FILE - Associate Justice Samuel Alito joins other members of the Supreme Court as they pose for a new group portrait, at the Supreme Court building in Washington, Oct. 7, 2022.

Conservative U.S. Supreme Court Justice Samuel Alito has acknowledged taking a private jet to Alaska for a luxury fishing trip in 2008 but defended his failure to disclose the flight provided by a billionaire hedge fund manager whose business interests have come before the court.

Alito wrote a commentary published in the Wall Street Journal late on Tuesday defending his conduct hours before news outlet ProPublica published an article raising questions about the justice's failure to report the trip with Paul Singer on mandatory financial disclosure forms or recuse from cases involving Singer's business.

"Neither charge is valid," Alito said in his commentary, titled, "ProPublica Misleads Its Readers."

The court has been embroiled in mounting ethics controversies - in particular revelations about ties between conservative Justice Clarence Thomas and a Texas billionaire. Opinion polls have revealed a sharp drop in public confidence in the top U.S. judicial body.

"This just keeps getting worse," Democratic Senator Sheldon Whitehouse, who has long pressed for Supreme Court ethics reform, wrote on Twitter.

ProPublica's article noted that had Alito chartered the private jet himself, the cost would have exceeded $100,000 one way. Long-time conservative legal activist Leonard Leo, who was instrumental in compiling former President Donald Trump's list of potential Supreme Court nominees, helped organize the fishing trip, ProPublica reported.

Regarding the flight, Alito wrote that Singer had "allowed me to occupy what would have otherwise been an unoccupied seat."

Alito stayed at the King Salmon Lodge, which ProPublica said charged more than $1,000 a day. Alito called the portrayal "misleading" and said he stayed in a "modest one-room unit."

Alito said the justices commonly interpreted financial disclosure requirements to mean that "accommodations and transportation for social events were not reportable gifts."

The Judicial Conference, the policymaking body for the broader federal judiciary, recently tightened its regulations related to that exemption, including requiring transport by private jet to be disclosed.

"The flight to Alaska was the only occasion when I have accepted transportation for a purely social event, and in doing so I followed what I understood to be standard practice," Alito wrote.
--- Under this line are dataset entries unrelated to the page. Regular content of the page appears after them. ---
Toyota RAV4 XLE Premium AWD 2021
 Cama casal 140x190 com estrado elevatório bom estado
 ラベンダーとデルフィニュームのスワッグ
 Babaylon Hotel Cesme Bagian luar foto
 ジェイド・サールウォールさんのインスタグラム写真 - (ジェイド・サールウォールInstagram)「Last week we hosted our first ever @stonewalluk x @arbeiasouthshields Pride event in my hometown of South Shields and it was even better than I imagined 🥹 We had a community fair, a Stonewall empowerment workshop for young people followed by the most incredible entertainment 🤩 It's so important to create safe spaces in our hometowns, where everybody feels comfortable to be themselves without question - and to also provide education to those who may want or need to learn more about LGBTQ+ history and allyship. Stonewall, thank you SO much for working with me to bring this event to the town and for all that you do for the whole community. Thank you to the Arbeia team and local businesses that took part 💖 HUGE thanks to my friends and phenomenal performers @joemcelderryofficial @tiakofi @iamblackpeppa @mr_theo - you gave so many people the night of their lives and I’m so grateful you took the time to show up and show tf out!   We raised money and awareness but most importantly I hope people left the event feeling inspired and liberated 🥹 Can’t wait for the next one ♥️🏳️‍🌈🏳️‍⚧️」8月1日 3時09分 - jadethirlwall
Alito also said he had "no obligation" to recuse in any case connected to Singer, with whom he said he has spoken to a handful of times.

In one case that the Supreme Court heard in 2014 involving a unit of Singer's Elliott Management, Alito said: "I was unaware of his connection with any of the listed entities, and I had no good reason to be aware of that."

Alito did not immediately respond to a request for comment by Reuters.

ProPublica reported in April that Thomas has for decades has accepted luxury trips from billionaire Texas businessman and Republican donor Harlan Crow, including on a private jet and superyacht, without publicly disclosing them. It also detailed real estate transactions involving Thomas and Crow.

Separately, the news outlet Politico has reported that conservative Justice Neil Gorsuch failed to disclose the buyer of a Colorado property in which he had a stake - the chief executive of a major law firm whose attorneys have been involved in numerous Supreme Court cases.

Thomas and Alito this month received extensions to file their mandatory annual financial disclosure forms that report outside income and gifts.